The demonstration of the existence of a functional and vital prognosis in less than a decade in young patients leading an active lifestyle at diagnosis, coupled with methodological advances which have enabled a minimization of therapeutic risk, resulted in an early intervention for DLGGs.

Several symptomatic (AEDs) and oncologic treatments (surgical resection, possibly repeated, chemotherapy, radiotherapy) are thus to be considered not in isolation, but in combination, in the view of adapting individualized treatment strategies, and also for each patient at the different phases of disease history.

The purpose of such an attitude is twofold: the preservation and even the improvement of the quality of life and an increased survival time - delaying malignant transformation (26).

*2. Anti-Epileptic Treatment

The management of epilepsy in DLGG has been the subject of recent reviews (62,71). In patients who have had a single attack, immediate antiepileptic treatment reduces the risk of a possible second attack compared to delayed treatment, without major complications with no additional burden on the quality of life.

Older antiepileptic medications, including carbamazepine, phenytoin and valproate have demonstrated their effectiveness against placebo in controlled studies. New medications, including gabapentin, lacosamide, lamotrigine, oxcarbazepine, or topiramate have shown their equivalence but not their superiority compared to carbamazepine, phenytoin and valproate. A randomized trial comparing carbamazepine to the most recent drugs (lamotrigine, gabapentin, oxcarbazepine, or topiramate) showed a longer duration to treatment failure with lamotrigine. Moreover, better cognitive status was also found with lamotrigine.

Levetiracetam, indicated as monotherapy in partial epilepsy, has also demonstrated its equivalence to carbamazepine in a prospective randomized trial.

Levetiracetam may be introduced and increased rapidly, which is an advantage compared to other medications, especially lamotrigine.

It is also available as an injection (eg valproate) with an excellent efficacy / safety ratio in neuro-oncology.

Lacosamide in combination with another treatment appears to be effective and well tolerated.

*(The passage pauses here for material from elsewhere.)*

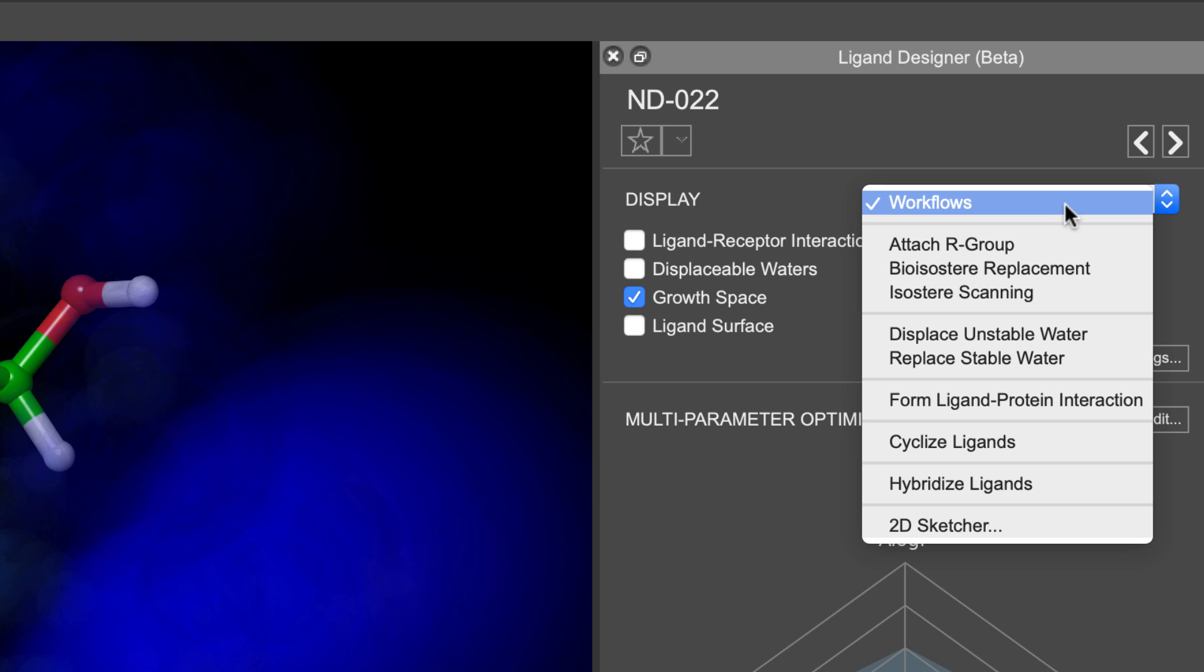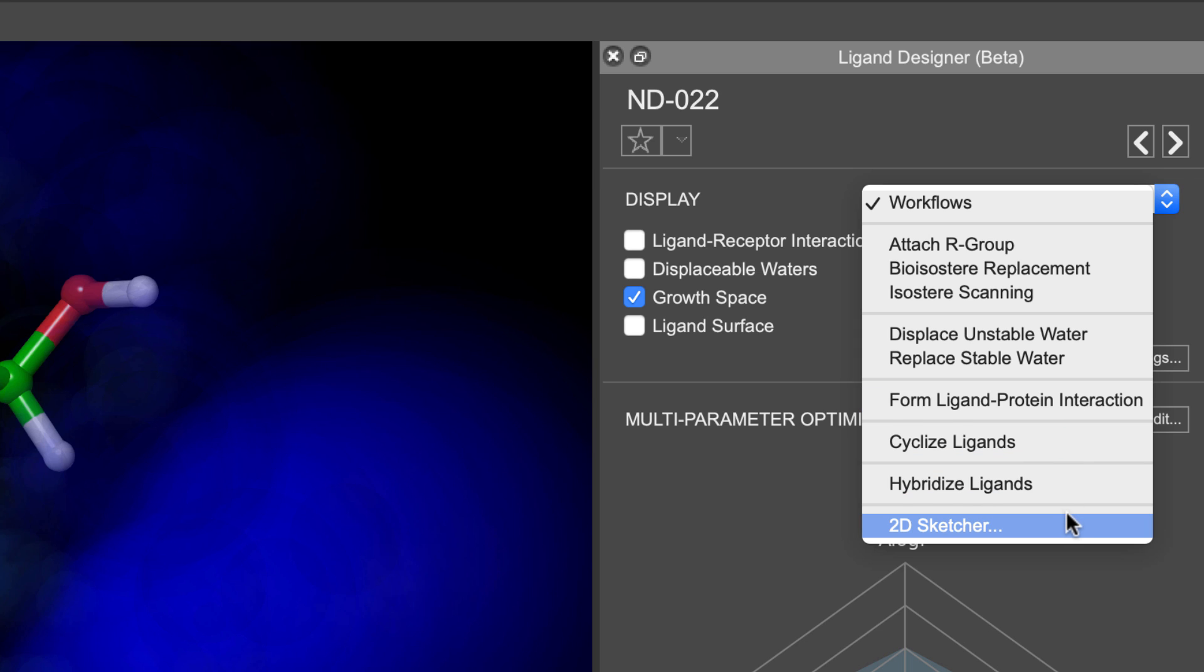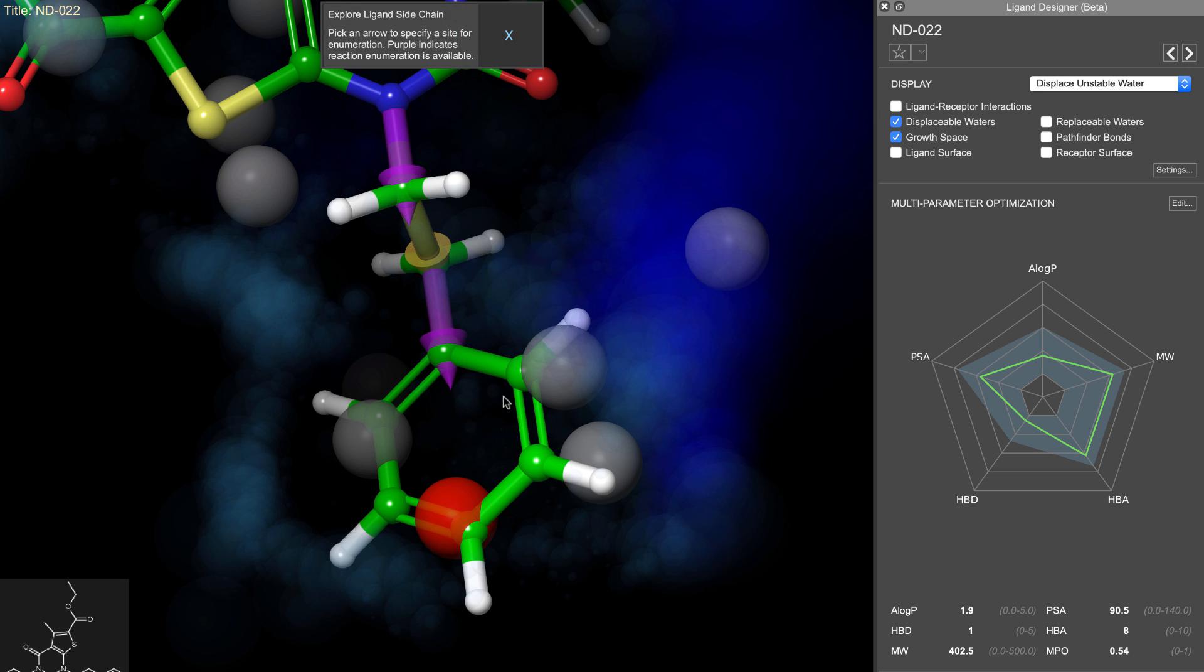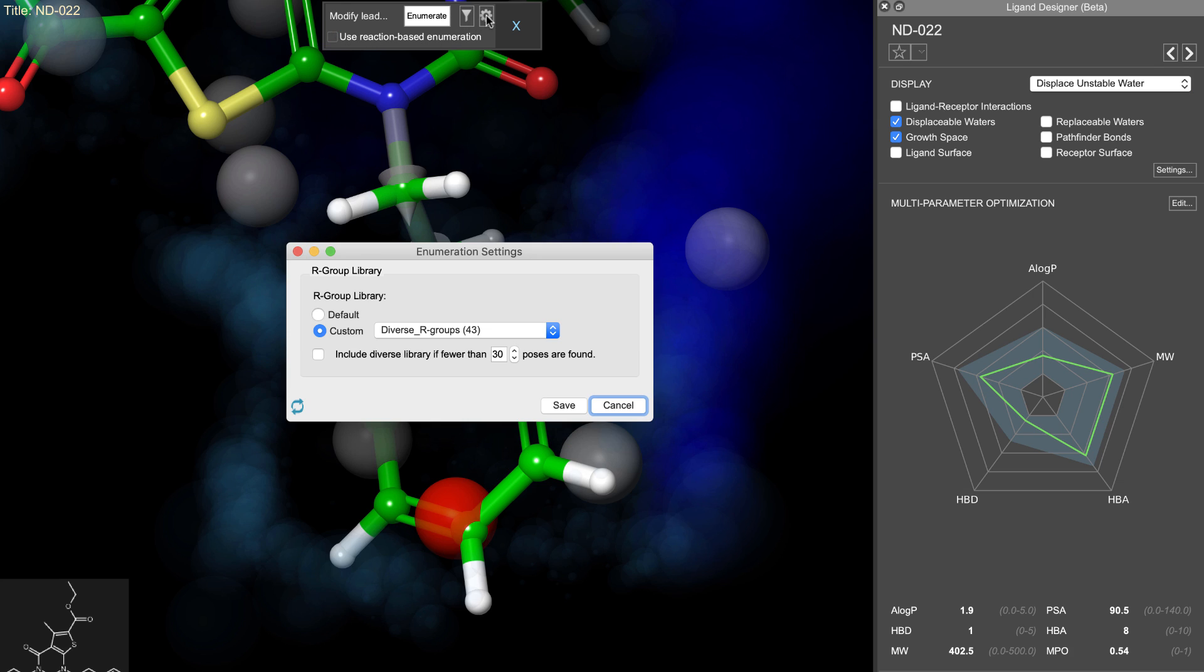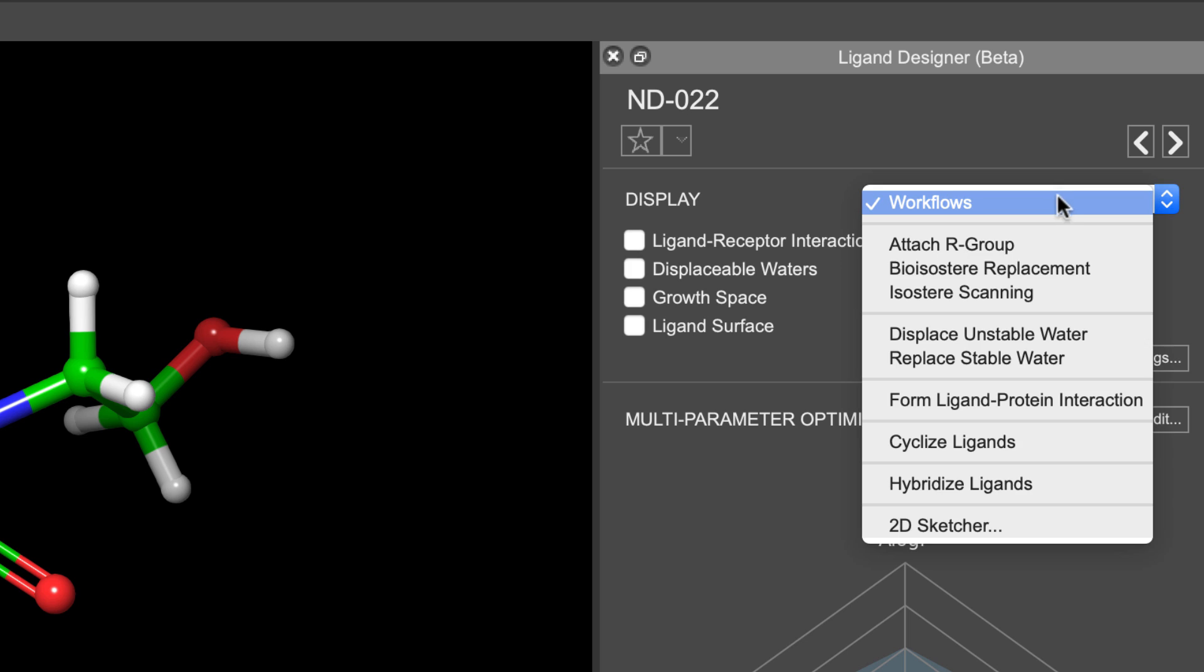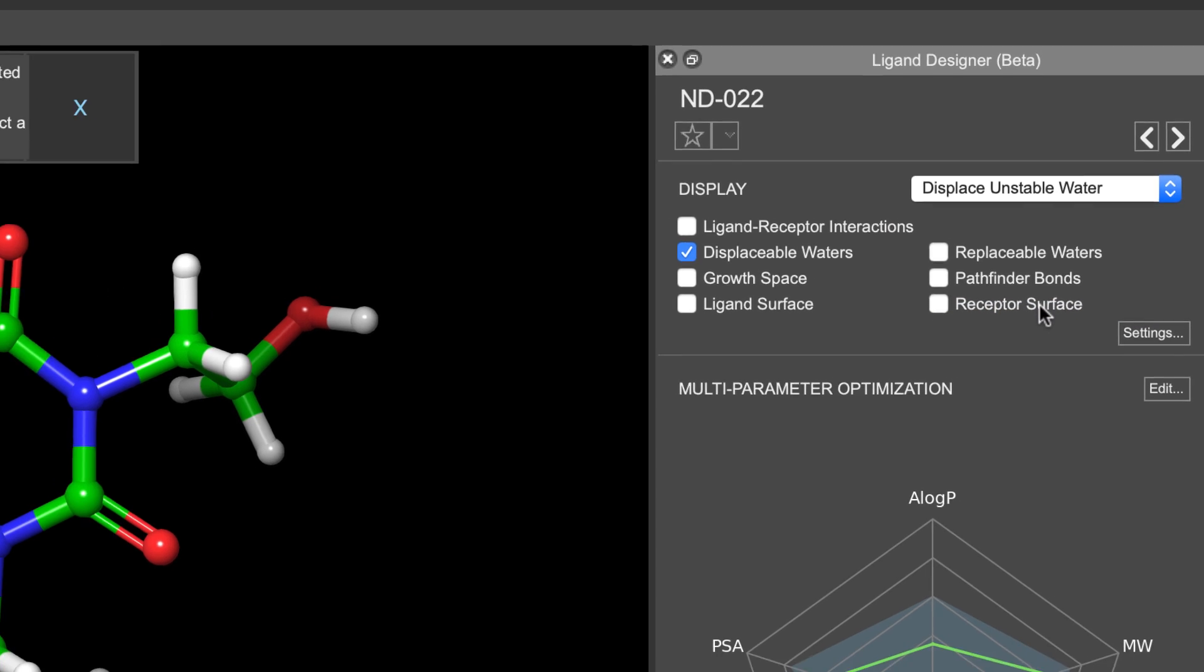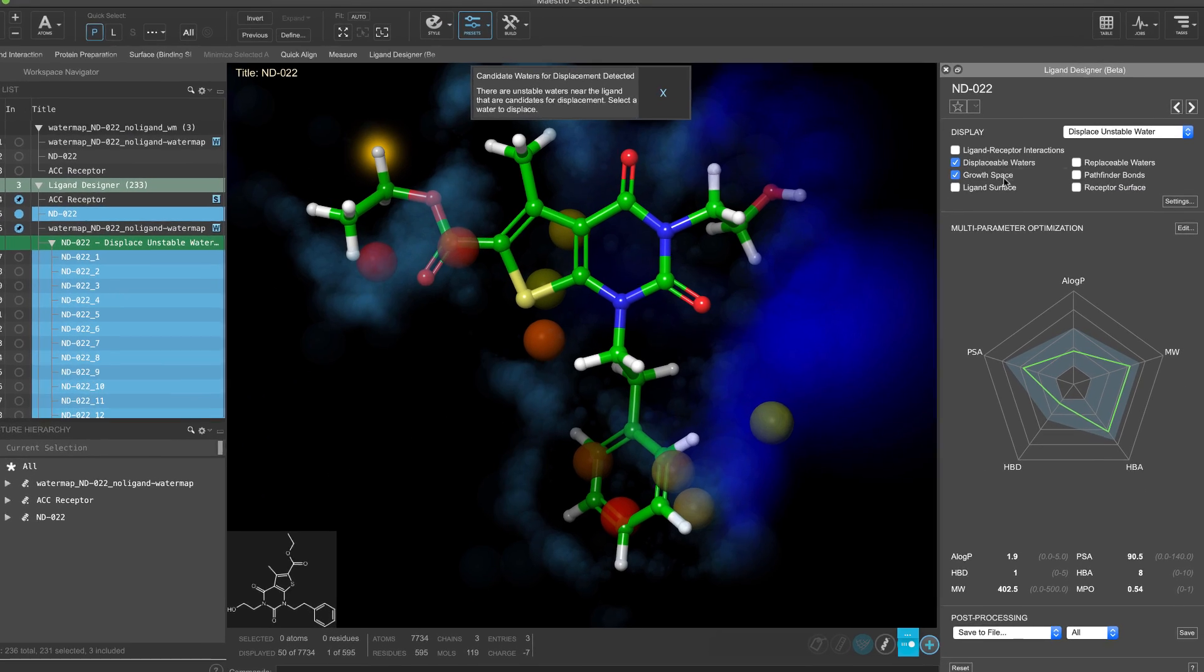The ligand designer employs several medicinal chemistry tactics and workflows, utilizing synthetically tractable enumerations or R group enumerations to automate modifications to the ligand. So, let's walk through several features of the ligand designer, starting with the visualization.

The enzyme-inducing effect of some antiepileptic medications can lead to an interaction with many chemotherapy drugs (nitrosoureas, paclitaxel, cyclophosphamide, topotecan, irinotecan, thiotepa). Valproate may potentiate the hematologic toxicity associated with chemotherapy.

The decision to possibly stop antiepileptic therapy should be made on a case by case basis depending on the lifestyle of each patient, and must be tapered over a period of about 3 to 6 months

*3. Surgery

Impact of surgical resection on survival in DLGG

Surgery is required in all cases to obtain a tissue sample, in order to differentiate tumor subtypes, to define tumor grade and to study its genetics.

Beyond this histo-molecular goal, the aim of surgery is to strive for a maximal resection in order to minimize the risk of malignant transformation and therefore increase median survival while maintaining or even improving the quality of life of these patients.

To that effect, the extent of resection should always be objectified by post-operative MRI. Indeed, a critical point is the precise definition of complete resection of DLGG which is the total ablation all hyperintense regions on FLAIR sequence, verifiable by comparing pre-and post-surgical MRIs. A subtotal resection is considered with a residual volume of less than 10cc and partial if it is more than 10cc. Despite the absence of randomized trials, all surgical series based on an objective assessment of postoperative MRI have shown a significant impact of the complete or subtotal resection on overall survival in delaying malignant transformation (2,8,9,30, 37,45,65,69).

Specifically, a recent study compared survival in two cohorts of patients with DLGG. In the first group, patients received a single biopsy and follow-up (biopsy and watchful waiting), with a median survival of only 5.9 years. In the second group, early surgical resection was performed: median survival was not reached in the same period, demonstrating the significant impact of the intervention (38). Thus the largest surgical series about 1097 patients has been reported by the French Network for gliomas Study (REG= Réseau d’étude français des gliomes), showing a median survival of 13 years from the first treatment and 15 years from the first symptom - either overall double when compared to watchful waiting (8).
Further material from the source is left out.